How does CA Spectrum protect against Trap Storms

Document ID : KB000020955
Last Modified Date : 14/02/2018
Show Technical Document Details

Description:

As of the current documentation provided in Spectrum 9.2.3 in the Modeling and Managing your IT Infrastructure Guide we document the following:

Trap Storm Rate

Defines the number of traps received per second that will disable trap handling, if the rate is sustained for the amount of time specified by the Trap Storm Length attribute.

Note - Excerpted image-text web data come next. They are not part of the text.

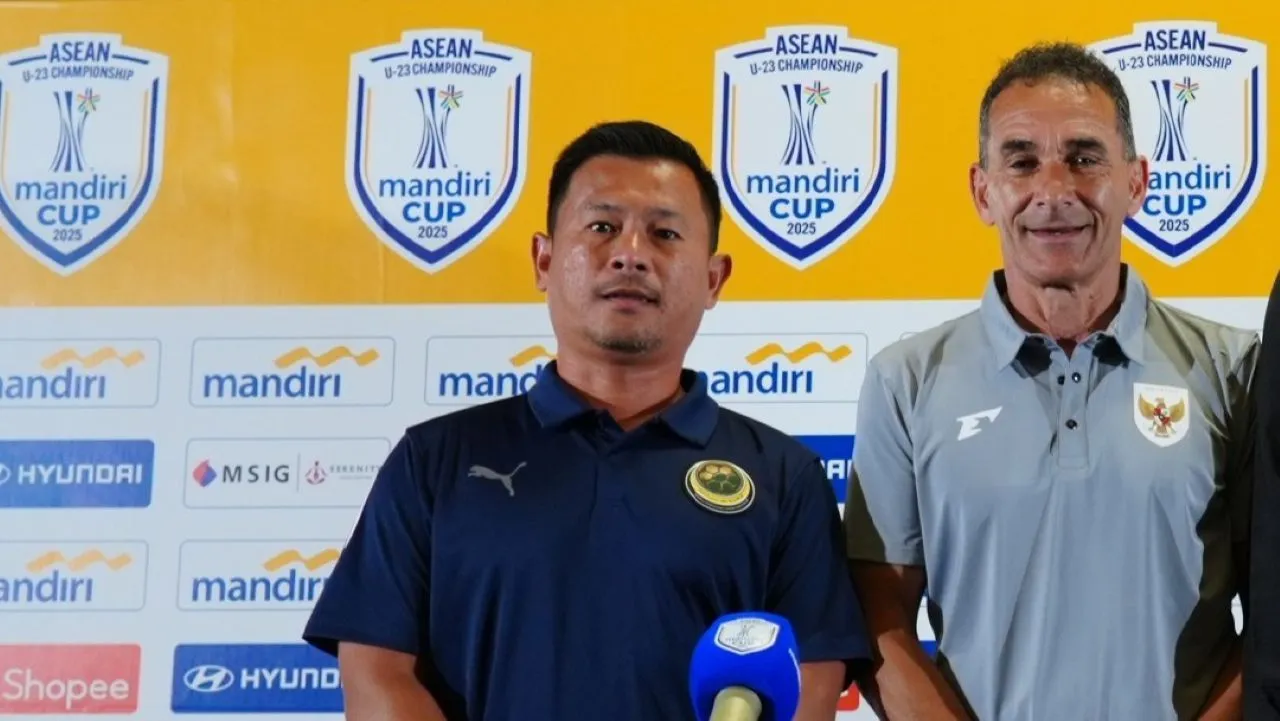 Pelatih Brunei Darussalam, Aminuddin Jumat (kiri)/IG Brunei Darussalam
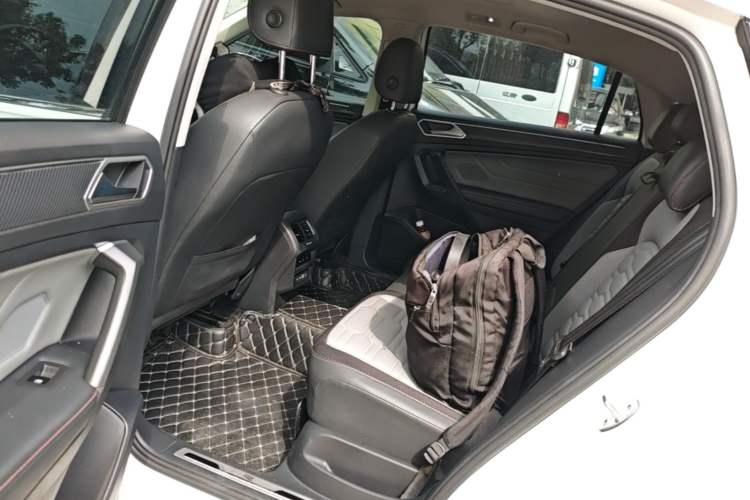 Used Volkswagen Tiguan X 2022 330TSI Two-Wheel Drive Enjoyment Version Left Rear Seat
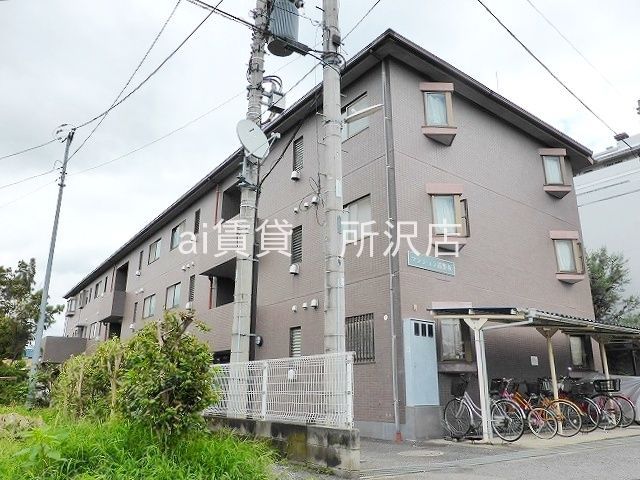 狭山市入間川のマンションの建物外観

Storms for unmanaged traps are determined on the combined number of traps received from all unmodeled devices, whereas storms for modeled devices are determined on a model-by-model basis.

Default: 20

Solution:

CA Spectrum no longer functions this way and from Spectrum 9.2 and up to currently as of Spectrum 9.2.3 Trap Storm protection works as the following:

We use a PIM table (reverse lookup of IP to Model handle), and for each entry there is an object doing storm detection for that IP. All known IPs for models result in a PIM entry, and each unknown trap address is also added as a separate PIM (as you can see by dumping the PIM table, via the 0x10248 action). These unknown addresses are mapped to the VNM model, but, as they are all separate entries in the table, will only do storm detection per address. If one unknown address exceeds the rate, traps from that source will be blocked, but it won't affect other unknown sources. Also if the sum of all unknown rates is higher than an individual threshold, but each one is below it, nothing will happen. So theoretically you can end up with unlimited amounts of unknown SNMP device events, if enough devices send them with just the right rate.

The Modeling and Managing your IT Infrastructure Guide will be updated in a future release or service pack.